** DATA EXCERPTS follows **

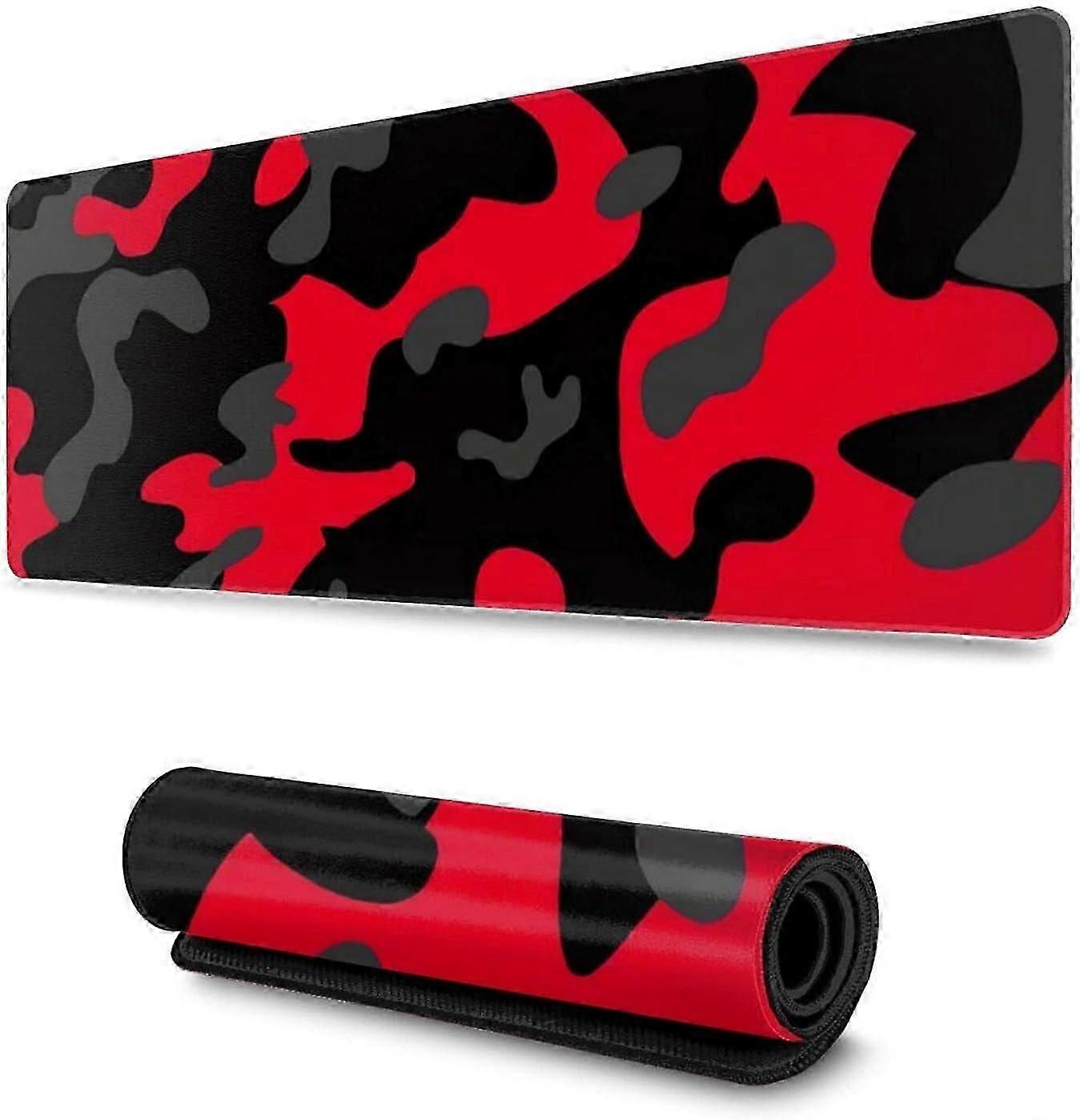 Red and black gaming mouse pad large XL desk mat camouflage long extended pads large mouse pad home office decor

** End of DATA EXCERPTS **
** DATA EXCERPTS follows **

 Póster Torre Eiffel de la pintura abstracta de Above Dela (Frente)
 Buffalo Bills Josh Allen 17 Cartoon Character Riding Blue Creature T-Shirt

** End of DATA EXCERPTS **

Taking the line with "Póster Torre Eiffel" as the first and the line with "Buffalo Bills Josh" as the last, retype that stretch of the data above exactly, with no other lines.

• **TASK RESPONSE**
 Póster Torre Eiffel de la pintura abstracta de Above Dela (Frente)
 Buffalo Bills Josh Allen 17 Cartoon Character Riding Blue Creature T-Shirt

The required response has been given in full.